The Boomerang Theatre Company presents Anton Chekhov’s Uncle Vanyat in a straightforward production that aims to let the play speak for itself, with minimal interpretive interference: an important play, well cast, overcomes the shortcomings of a well-meant production. The arrival of Serebryakov (Ed Schultz), a retired art history professor, and his twenty-seven-year-old beautiful wife Yelena (Lauren Kelston) on a country estate managed by Vanya and his niece Sonya upends the balance of their life. Vanya falls hopelessly in love with Yelena, (Yelena: “When you speak to me of love I simply grow numb”). Astrov (Richard Brundage), the district’s doctor, feels that Yelena’s beauty lifts him out of the dull routines of his life and falls in love with her as well. Sonya has long loved Astrov who ignores her. When Vanya surprises Astrov and Yelena in an embrace – and, moments later, the professor proposes to sell the estate to invest the proceeds for a better return, Vanya reaches the end of his tether and attacks the professor.

Serebryakov and Yelena decide to move back into town. In the end the plain, unloved Sonya and the defeated Vanya resume their work, resigned to live with their failures at love and life.

The director, Philip Emeott, has assembled an excellent cast (including the smaller parts of the permanent houseguest Telegin (Bill Weeden), the nurse Marina (Sara Ann Parker) and Voynitskaya, Vanya’s mother (Dorores McDougal). His respect for the text leads to a naturalistic style suggested by the first production. Crickets, birds, sounds of horses trotting in the yard, costumes that approximate the Russia of the 1890s set the atmosphere. But then he encourages his actors to perform in a frantic, overly emotional style, with large gestures and a hurried pace better suited to farce.

The empty picture frames on the walls - a symbolist cliché that I have seen it in several Vanya productions – lack justification in the text; having actors break the fourth wall in several of the soliloquies jars the audience for no dramatic gain.

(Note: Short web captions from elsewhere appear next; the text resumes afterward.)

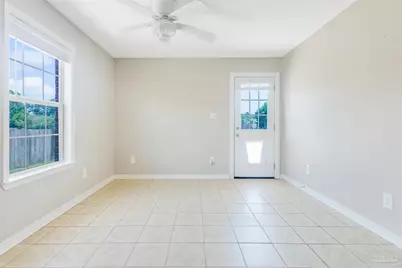 2104 Frontera St, Navarre, FL 32566 - Photo 25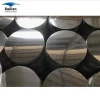 410 430 201 304 Soft Quality Stainless Steel Discs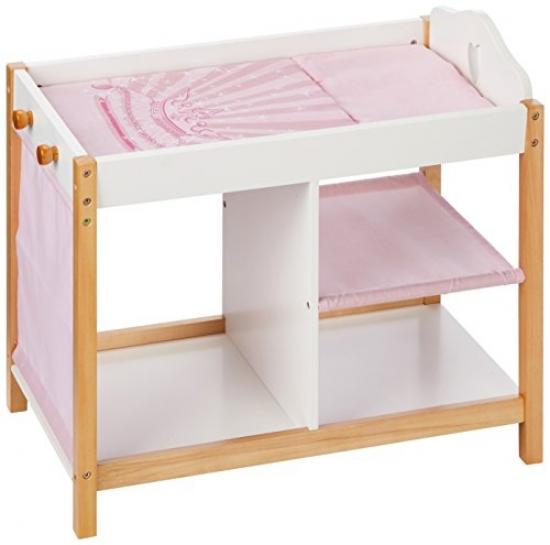 roba changing table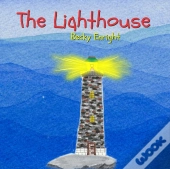 The Lighthouse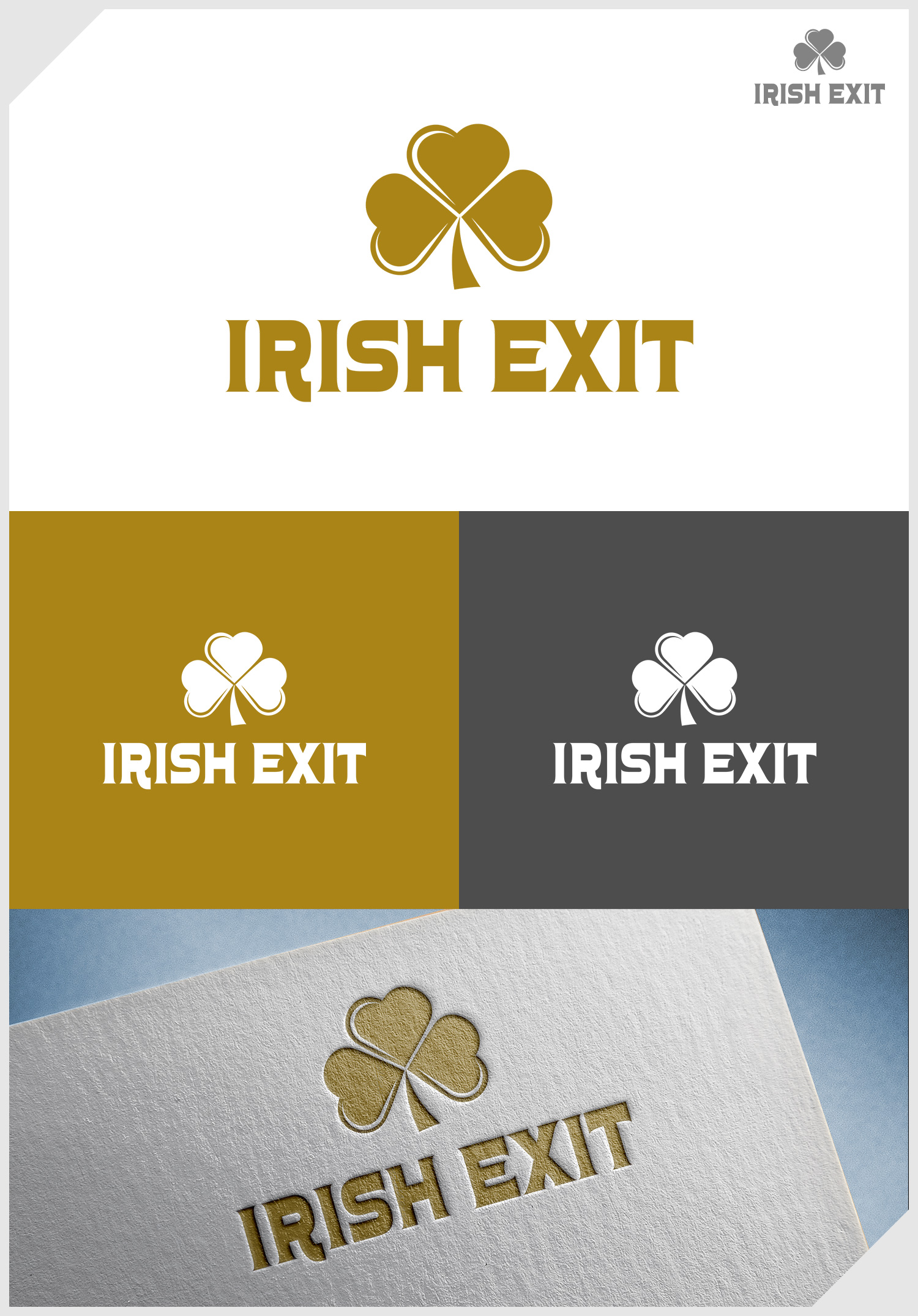 Design de Logo par IDesign1606 pour ce projet | Design #37086735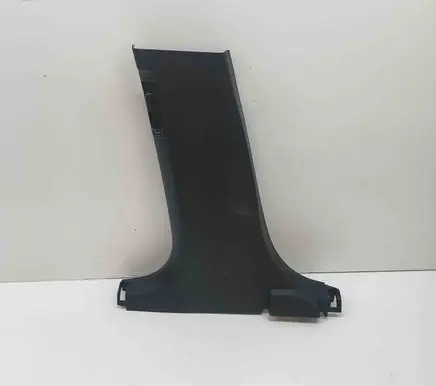 KIA EV6 (B) pillar trim (bottom) 85835CV100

While the spare unit set works well, lighting and costumes are just serviceable with many missed opportunities. The music choices seem arbitrary – Beethoven’s Ghost trio, a twentieth century guitar piece, a piece of music that, I assume, the sound designer composed present a stylistic mix that is puzzling, while on the other hand, the guitar playing of Telegin is well-conceived and adds life and humor to the production.

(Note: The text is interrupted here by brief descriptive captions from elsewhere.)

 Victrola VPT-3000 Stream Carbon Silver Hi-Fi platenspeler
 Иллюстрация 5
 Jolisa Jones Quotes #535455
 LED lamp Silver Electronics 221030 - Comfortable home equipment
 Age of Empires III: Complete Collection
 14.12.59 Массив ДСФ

However, this rendition Uncle Vanya, in its final moments, distills the meandering, almost plot- and action-less story into the poignant, existentialist contemplation of loneliness, pain, suffering, and the willingness to go on living in the face of a life that has lost all meaning and promise for happiness. And director Philip Emeott has the good sense to leave the actors and the text alone for long enough to allow this essential moment to unfold.